© Fraunhofer IGB
Instant coffee and powdered milk are produced by spray drying. Fraunhofer researchers have adapted this technique to the tricky question of incorporating insoluble substances in core-shell particles. The new method helps reduce the concentration of active ingredients in therapeutic medications.
Encapsulation is used in cosmetics and pharmaceuticals to protect active ingredients against external influences such as aggressive gastric acid. Another use of encapsulation is to control the release of active ingredients inside the body: depending on the permeability of the shell material, the medication is delivered gradually rather than all at once. Because such systems release multiple, smaller doses over an extended period of time, the drug therapy is better tolerated and easier to administer. In some cases, it means taking just one pill a day instead of three.

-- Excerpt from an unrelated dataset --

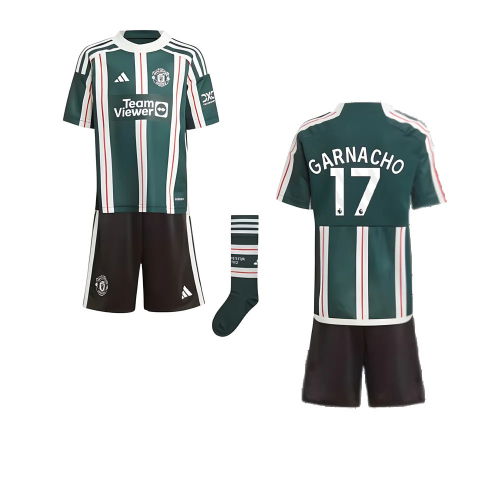 2023-2024 Man Utd Away Mini Kit (Garnacho 17)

Insoluble substances are a problem
The first step of the encapsulation process involves dissolving the active ingredient in a liquid medium and mixing it with the shell material. Then the solution is piped to an orifice in the center of a nozzle surrounded by an annular channel through which compressed air is injected at high speed. The pressure disperses the solution into an aerosol of fine droplets, which is then sprayed into a drying cylinder. Here, the liquid evaporates, leaving behind a fine powder of core-shell particles. The problem is that it is difficult to mix insoluble substances with other materials. This limits the choice of shell materials that can be used to produce the particles.

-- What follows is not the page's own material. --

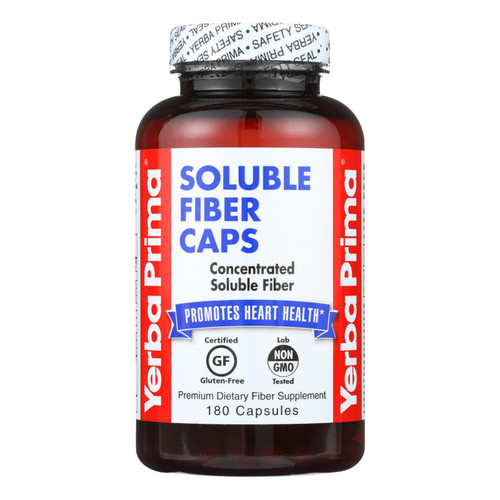 Yerba Prima Soluble Fiber Caps - 625 Mg - 180 Capsules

Three-way nozzle permits endless combinations of materials
“For this reason, we use a three-way nozzle to implement spraying. Its advantage is that it permits two substances to be fed separately to the nozzle. The shear forces mix the substances together at the orifice of the nozzle, creating an aerosol containing both materials,” explains Michael Walz, who developed and optimized the new technique with his colleague Dr. Achim Weber at the Fraunhofer Institute for Interfacial Engineering and Biotechnology IGB in Stuttgart.

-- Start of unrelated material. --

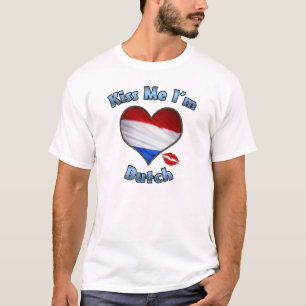 Kus me Ik ben Nederlandse vlag T-Shirt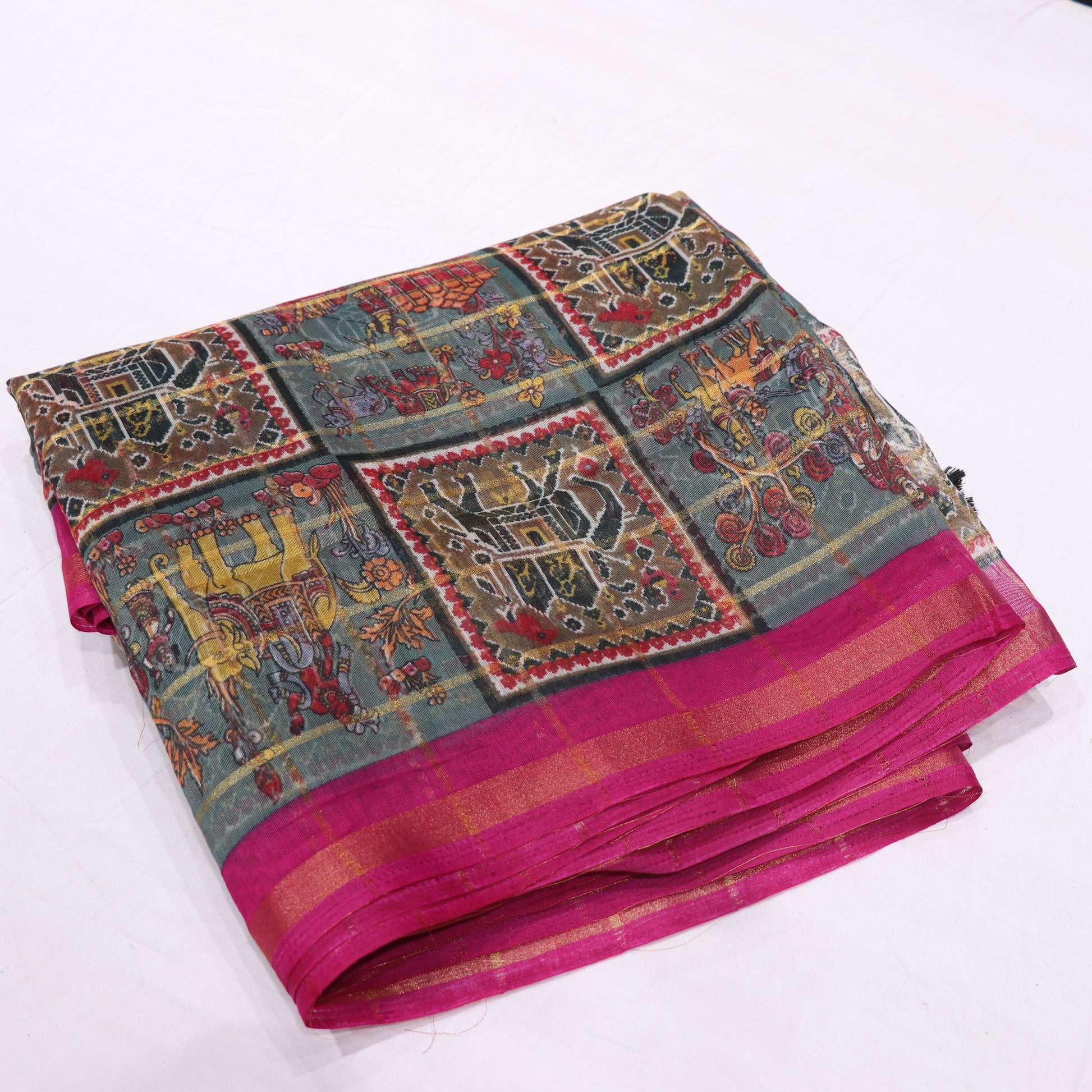 Fancy  Saree Pink Colour - Vaishali Silks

This system permits endless combinations of materials, enabling the controlled release of active ingredients to be adapted to different applications. “We can modify the particle size and encapsulation efficiency by selecting the appropriate substances and by varying the concentration of the solution, the liquid volume flow, the drying temperature, and the pressure applied to the nozzle. This gives us the capability to respond to almost any customer requirement and develop solutions tailored to their needs,” says Weber.
The new process for the encapsulation of active ingredients could be of interest to fertilizer manufacturers and food processing companies as well as the cosmetics and pharmaceutical industries.